Over the past year as a SaaS developer at Fenergo, I've been focused on the challenge of hosting a third-party SDK inside our AWS ecosystem. My goal was to ensure the service could run in a way that scales reliably, integrates cleanly with our existing infrastructure.

To achieve this, I used Pulumi to streamline Infrastructure as Code, which made it easier to model, manage, and iterate on cloud resources as the project evolved. Wherever possible, I leveraged existing infrastructure components - such as our VPC, subnets, and security groups - instead of duplicating effort. For new requirements, I identified and provisioned the most appropriate AWS services that fit our needs, balancing performance, cost efficiency, and maintainability.

A key part of the solution was building and automating CI/CD pipelines, which allowed us to provision infrastructure, deploy updates, and run validations in a consistent and repeatable way. This gave the team confidence to roll out changes quickly while keeping downtime and risk to a minimum.

In this blog, I'll walk through the approach we took and the technical considerations behind it.

Architecture

Integrating the SDK wasn't just about plugging in a service - it required designing an infrastructure that could grow with demand, stay resilient, and remain cost-efficient. Instead of relying on a single server, we built a system that scales automatically, and ensures high availability.

Here's how the architecture looks under the hood:

  • EC2: The SDK is packaged into Docker containers, running on Amazon EC2.
  • Auto Scaling Group: EC2 instances scale up or down automatically depending on traffic, so we only use the resources we need.
  • Load Balancer: An Application Load Balancer distributes requests evenly, keeping the service highly available.
  • RDS Instances: Amazon RDS hosts our PostgreSQL database, giving us a reliable and fully managed environment for storing sensitive verification data securely.
  • S3 Buckets: S3 buckets are used to collect the request, response, document images, metadata, session keys and challenges of the RFID chip processing.

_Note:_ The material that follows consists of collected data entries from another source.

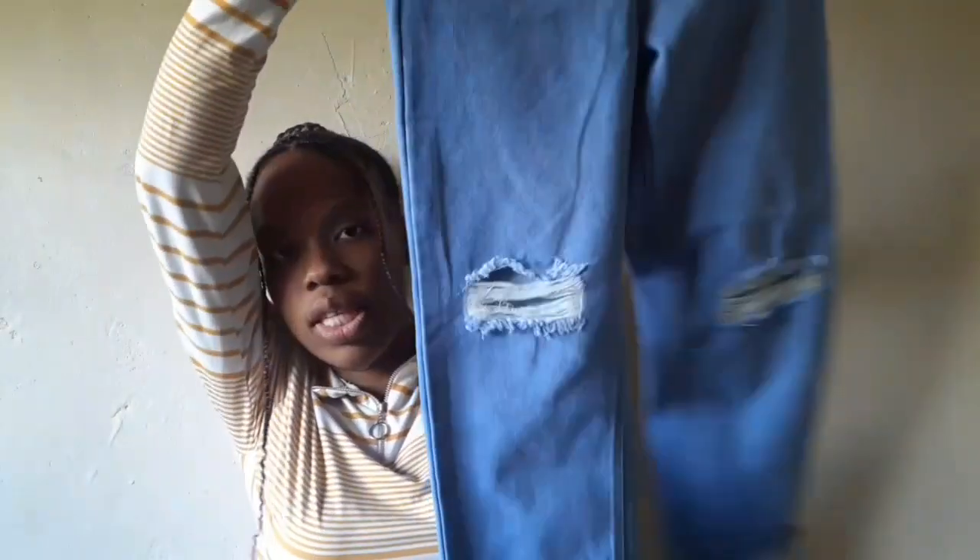I also got wide-leg pants — you'll see them in my birthday vlog because they're dirty right now. They were 260 rand, high-rise wide-leg pants. I got them in a size 30 — I thought I was a size 28 for the longest time, but when I went to the fitting room the 28 did not fit, so I had to go up to a 30.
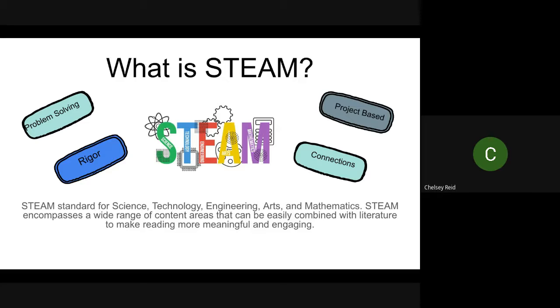With STEAM, you pull in problem-solving skills and that rigor we want students to achieve. It's a lot of project-based learning. It's a way for students to make hands-on connections to the literature they are reading. It gets them working in groups, with their brains thinking and their stamina growing. And when you can incorporate this with a piece of literature, it makes everything so relevant and come together — and of course, engaging.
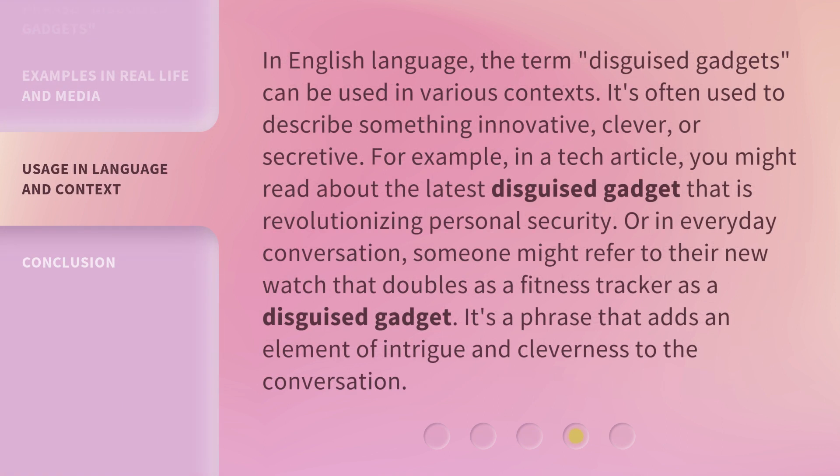In the English language, the term disguised gadgets can be used in various contexts. It's often used to describe something innovative, clever, or secretive. For example, in a tech article, you might read about the latest disguised gadget that is revolutionizing personal security. Or in everyday conversation, someone might refer to their new watch that doubles as a fitness tracker as a disguised gadget. It's a phrase that adds an element of intrigue and cleverness to the conversation.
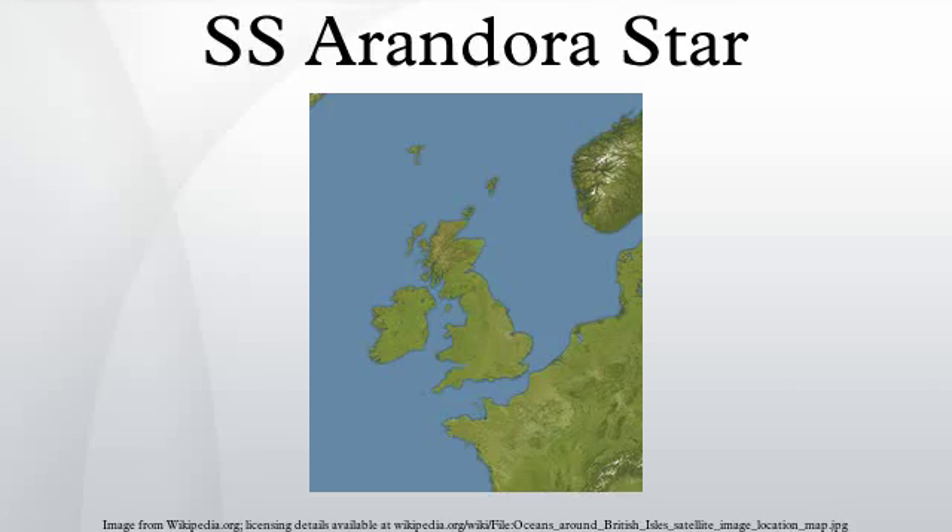SS Arandora Star was a British passenger ship of the Blue Star Line. She was built in 1927 as an ocean liner and refrigerated cargo ship, converted in 1929 into a cruise ship, and requisitioned as a troop ship in the Second World War. At the end of June 1940 she was assigned the task of transporting German and Italian internees and prisoners of war to Canada. On July 2, 1940, she was sunk in controversial circumstances by a German U-boat with a large loss of life.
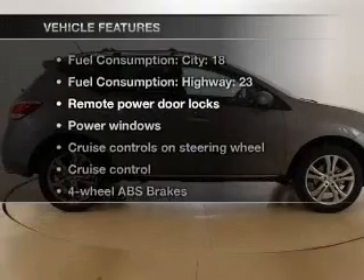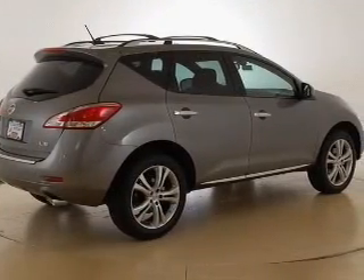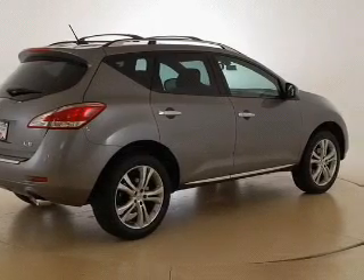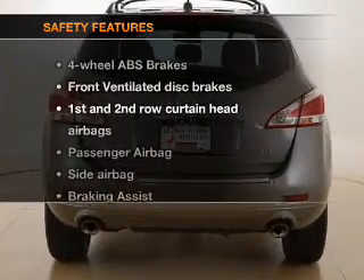Plus, enjoy these notable features that are included in this vehicle: air conditioning, power door locks, power windows, power steering, cruise control, power mirrors, and an AM FM stereo with an MP3 player.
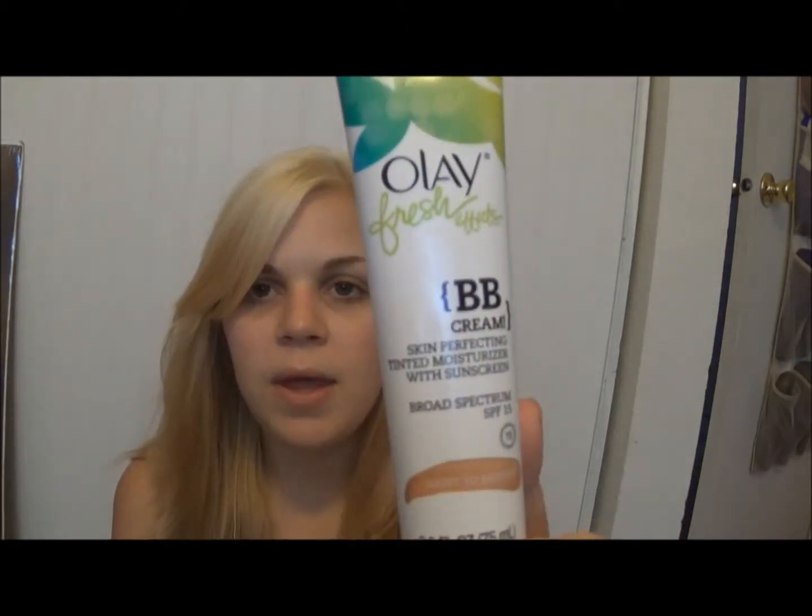Today I'm doing a review on the Ole Fresh Effects BB cream. It retails for about $13 — that's what I paid at Ulta. I really love this foundation and wanted to do a review on it. I'm going to apply the BB cream, talk through what I like about it, and give my overall thoughts at the end. This is not a first impressions video — I've been using it for over a month. It's my new favorite drugstore BB cream, maybe second to the Revlon BB cream.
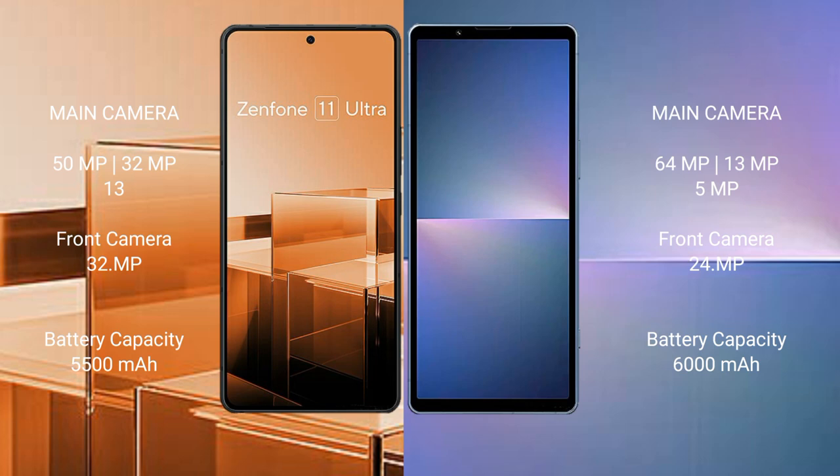Asus Zenfone 11 Ultra has a 5500mAh battery with 65W fast charging support. Sony Xperia 5 Mark 5 has a 5000mAh battery with 30W fast charging support.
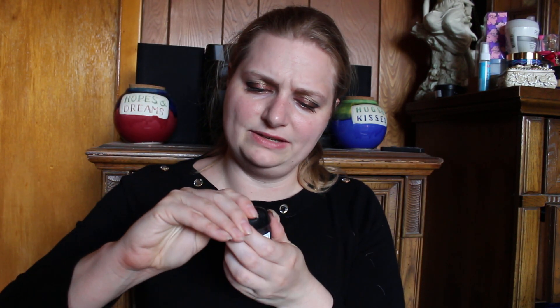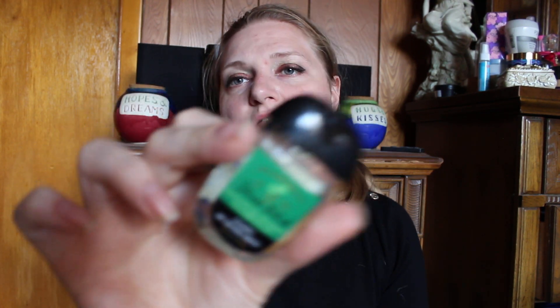I also got the Eucalyptus Spearmint — this is the stress relief aromatherapy one. I've had this scent before in many other forms and I love it. I also previously got a lemon ginger one in a swap that I loved. The Eucalyptus Spearmint is great and came to the same price as the French Lavender.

We containerized the SDK using Docker, which makes it easy to run both the DocumentReaderAPI and FaceAPI services consistently across environments. Each EC2 instance launched by our Auto Scaling Group automatically pulls these images and starts them with a startup script defined in the launch template. EC2 instances are configured with mounted volumes for licenses and configuration files, ensuring they can be updated and managed seamlessly.

To handle routing, each instance runs nginx as a reverse proxy. It forwards incoming requests to the appropriate container - document verification requests go to the DocReader container, while face comparison requests are directed to the FaceAPI container. This keeps traffic well organized and ensures optimal use of resources.

For performance, we run multiple workers per service, depending on available CPU and memory. On a typical t3.xlarge instance (4 vCPUs, 16 GB RAM), we run two workers for each service, aligning with the SDK's hardware recommendations (minimum: 1 CPU and 3.5 GB RAM per worker). Nginx distributes requests across these workers, enabling parallel processing and reducing response times.

This containerized approach makes scaling straightforward: as demand increases, new EC2 instances are spun up automatically, each running the same three-component setup (nginx + DocReader + FaceAPI).

We also configured horizontal scaling using AWS Auto Scaling. This ensures the system can intelligently adjust the number of EC2 instances based on demand. We defined Target Tracking Scaling Policies in AWS Auto Scaling. These policies adjust the number of EC2 instances based on resource utilization. For example, we set a scaling policy that maintains average CPU utilization at around 20% across the group. This ensures that the system reacts quickly to spikes in demand by launching new EC2 instances, while also scaling back down during quiet periods to keep costs low.

By combining intra-instance scaling (workers) with inter-instance scaling (Auto Scaling Group policies), we achieved a highly responsive and cost-efficient infrastructure.

Finally, our Application Load Balancer (ALB) distributes incoming traffic across EC2 instances, handling both HTTP (80) and HTTPS (443) with automatic redirects to HTTPS. Health checks ensure only healthy instances receive traffic. As new EC2 instances are launched or terminated, they're registered and deregistered automatically, keeping the system consistently available.

Deployment

For deployment, we rely on AWS Auto Scaling's instance refresh feature. Instead of replacing all servers at once, we use a rolling strategy that updates instances gradually while keeping the system fully available. Each new instance goes through a warm-up period before taking traffic, ensuring it's healthy and ready to serve users. We also set checkpoints at 50%, 75%, and 100% of the rollout, giving us the chance to validate stability at each stage. This entire process is executed through our automated CI/CD pipeline, which orchestrates the rollout end-to-end. That way, deployments are safe, controlled, and zero-downtime, even during peak usage.

Loading Entities Blog

Closing Thoughts

Provisioning the Identity Verification SDK with AWS has been a rewarding challenge. It's a great example of how modern SaaS companies can leverage infrastructure as code, cloud scalability, and advanced verification tools to deliver secure, seamless, and impactful client experiences.

At Fenergo, we're excited to keep building on this foundation, knowing that each improvement directly translates into faster onboarding, stronger security, and a smoother client experience. The intersection of fintech and identity verification is evolving rapidly - and we're proud to be part of that evolution.

Thanks for reading!

Alexis